If the human fly behaved true to life ...
He'd truly have eyes in the back of his head--and maybe the world's coolest shades. In the past some would've said he looks really fly. It wouldn't have mattered. The "fly girls" would still shoo him.
Whenever he thought of the movie Superfly or the title song he'd wish he was a super fly.
He'd eat and drink with his tongue.
During phone or cyber sex he'd tell women about his long, jack-hammering tongue.
Others may wonder why he never smiles. He can't. He has no lips--or teeth. Besides, smiling flies exist only in cartoon land. If you see a smiling fly you're either dreaming or really flying high.
"Buzz" would be his pass word, and he would always create a buzz.
In his lingo the old put down wouldn't be "Eat shit and die." It'd be "Eat shit and die happy."
He'd eat what most people wouldn't dare touch--shit, tossed food, rotting meat, corpses, carcasses. Later, he'd puke. No, he's not bulemic. He just happens to shit from his mouth and says, "Don't be mad because you can't do it." But he can't lick his fingers while eating as you can because he has no fingers. (So, ha-ha to him.)
If he got on a health trip it wouldn't be curds and whey for him. It'd be turds and whey.
When you fart his mouth would water.
For him fart would be just another word for "Dinner's almost ready."
For him diarrhea would be another word for buffet.

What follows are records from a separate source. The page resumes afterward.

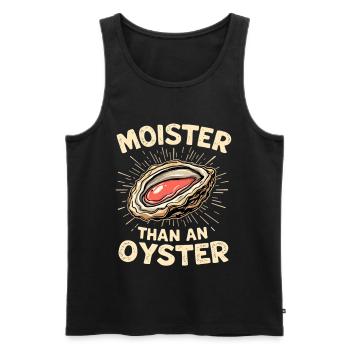 Feucht wie eine Auster – Wortwitz - Männer Premium Bio Tank Top - Schwarz - Vorne - AI Model Male 178 light (178cm)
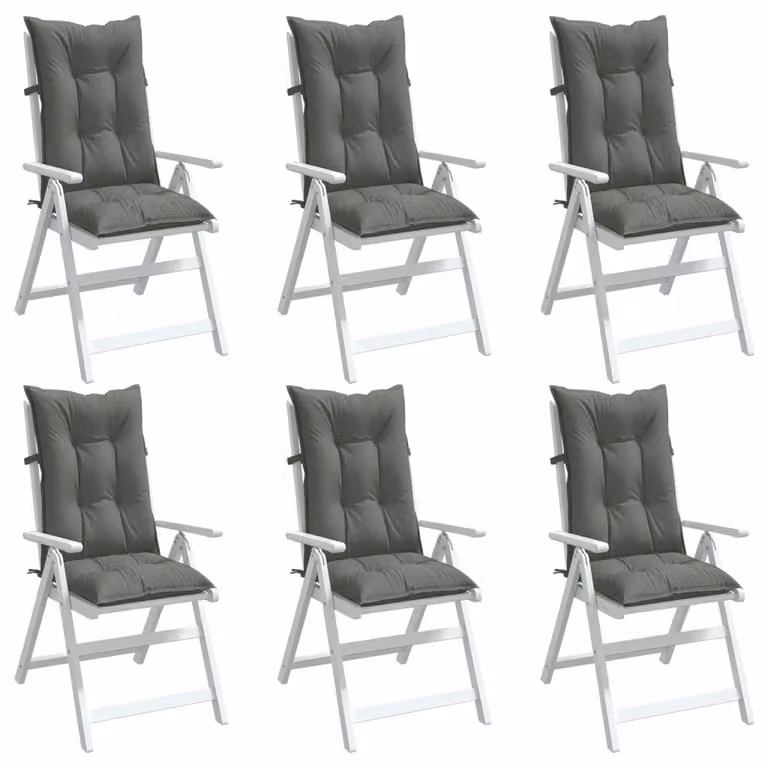 Set di 6 cuscini per sedia con schienale alto vidaXL in tessuto resistente ai raggi UV, colore grigio mélange, L 120 x P 50 x H 7 cm
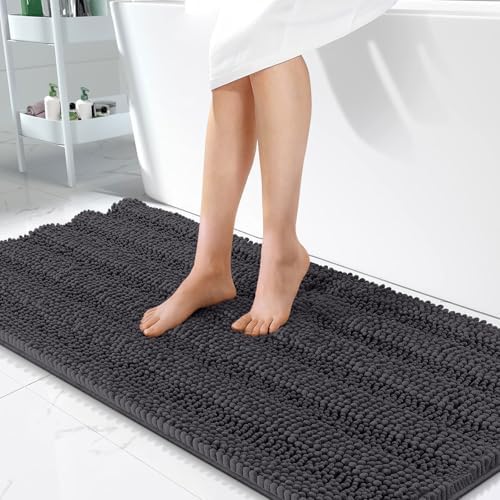 OLANLY Thick Bathroom Runner Rugs 47x24, Soft Chenille Bath Rugs, Dark Grey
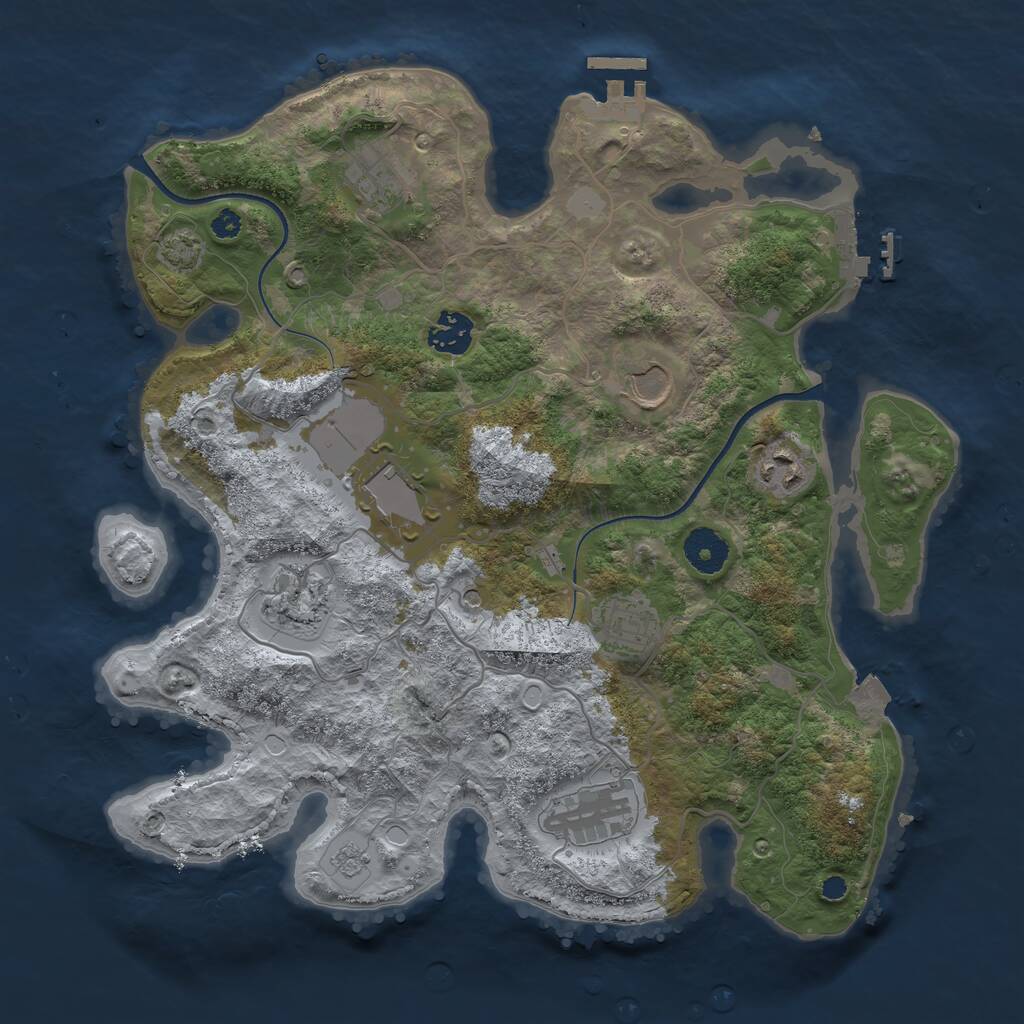 Rust Map: Procedural Map, Size: 3500, Seed: 92764108, 14 Monuments
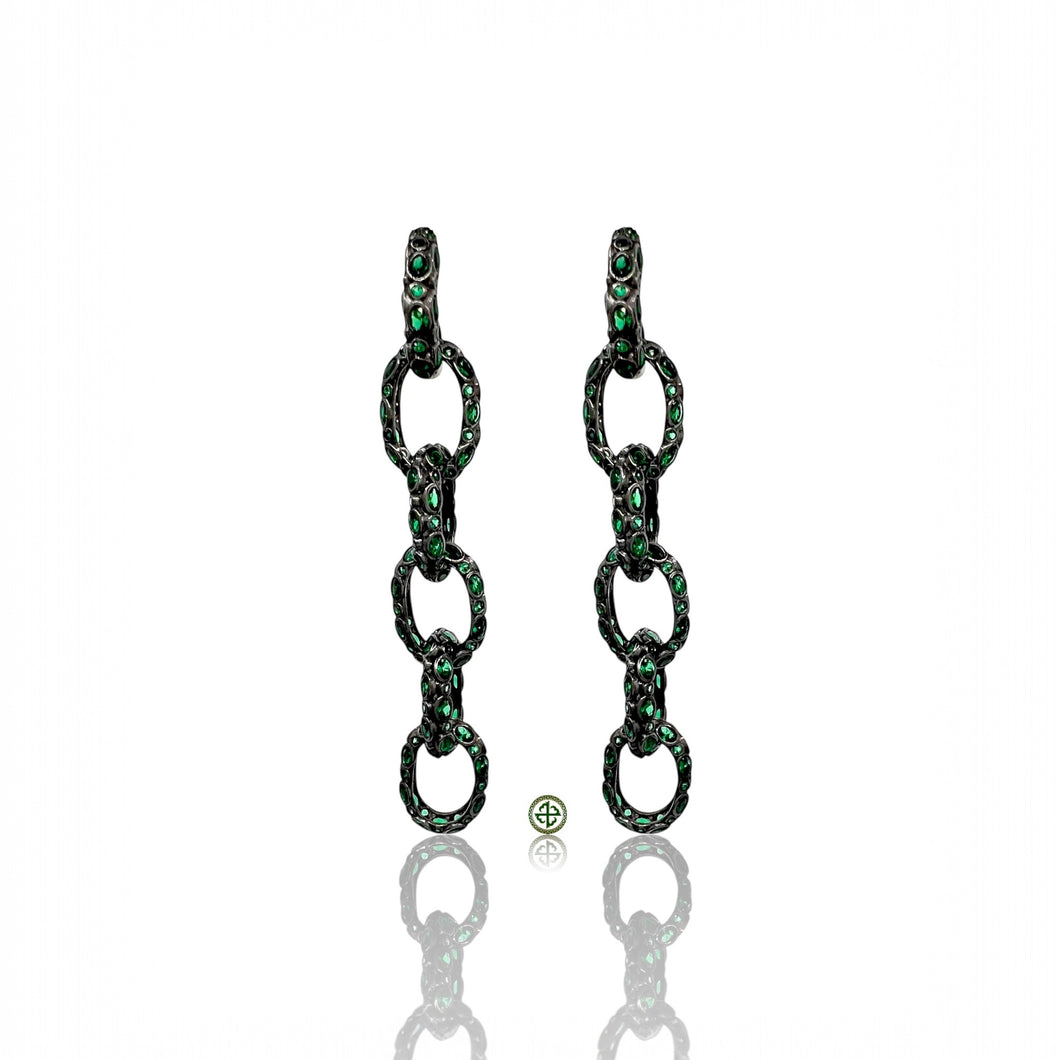 Green Chain Earrings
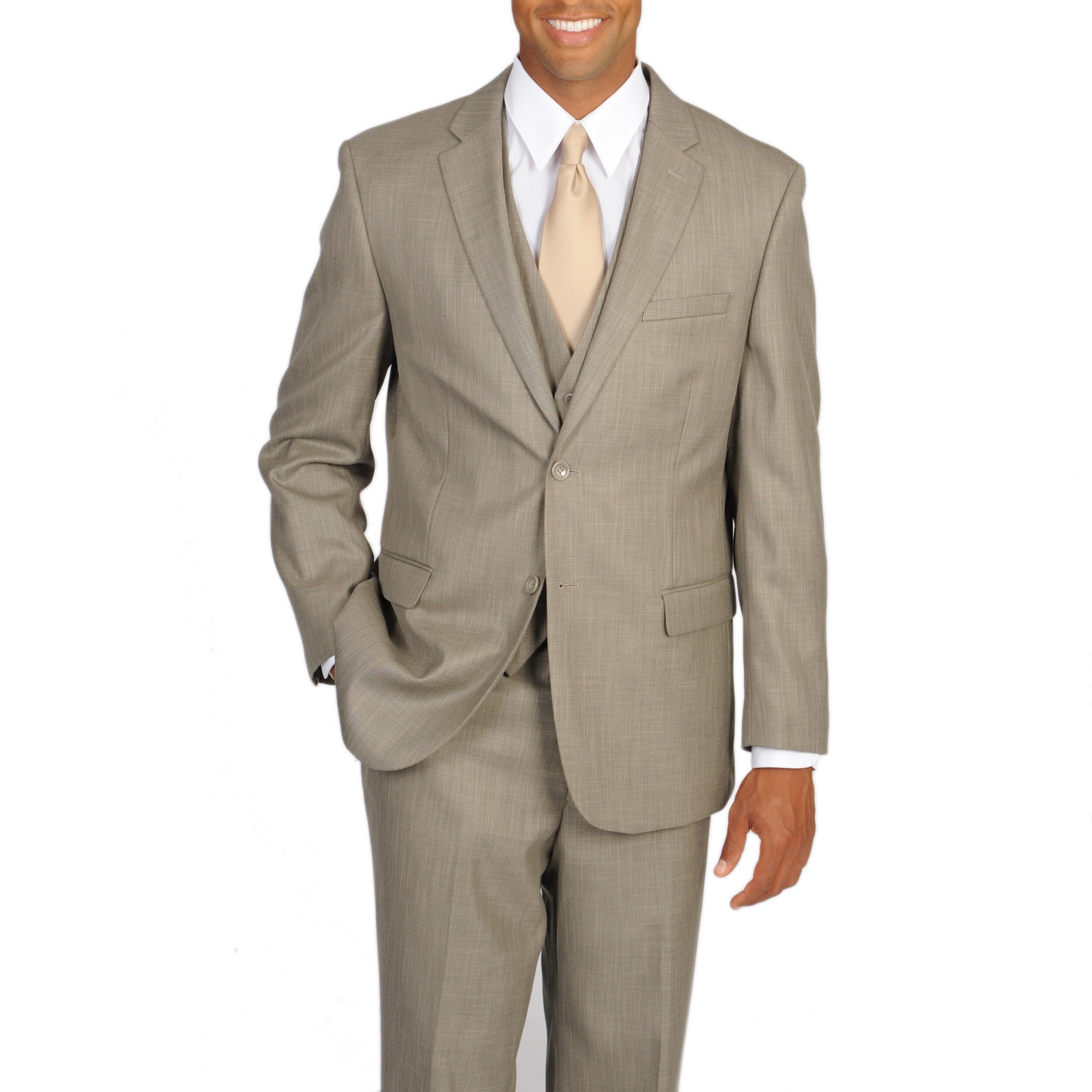 Caravelli Italy Men's Superior 150 Tan Vested 3-piece Suit - Overstock ...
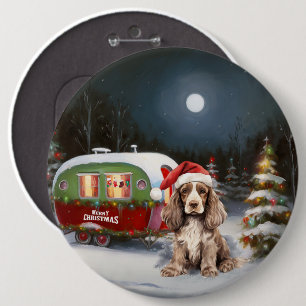 Bóton Redondo 15.24cm Aventura de Natal do Winter Cocker Spaniel Caravan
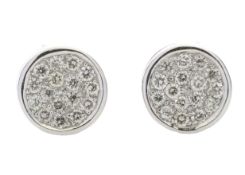 9ct White Gold Diamond Cluster Earring 0.16 Carats - Valued by GIE £1,805.00 - These elegant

If you fart without shitting he'd suggest you get more fiber or take a laxative and not tease him like that. If you have diarrhea he'd beg you to keep it coming.
His eyes would have lit up the first time he heard pupu platter.
His breath would always stink.
He'd have terrible hygiene.
He'd never have guests, and no one would want any food or drink he offered.
He'd clean himself by rapidly bobbing his head while wiping his face with his crossed and hairy legs. (How strange.)
At night he'd go to whatever room is lit and dance wildly around the room and the lights until the lights were turned off.
He'd be an outcast: He'd be unwelcome at all social gatherings--barbecues, picnics, parties, etc.--and in restaurants. His eating and drinking with his tongue would embarrass whomever dined with him. He'd never be kissed or get laid. The only ones who'd desire his company are other flies and those who want him for dinner. For emotional support he would seek someone who gives a shit.
He'd never venture out at night.
He'd always hear "You need to shave."
He'd hang with similar losers (other flies), and they'd breed like there's no tomorrow.
His children would be as he once was: No one would find them cute or want to play with or babysit them.
He'd be terrified of lizards, frogs, toads, spiders, Venus flytraps, etc. and shudder whenever he heard or saw web address, SWAT team or raid.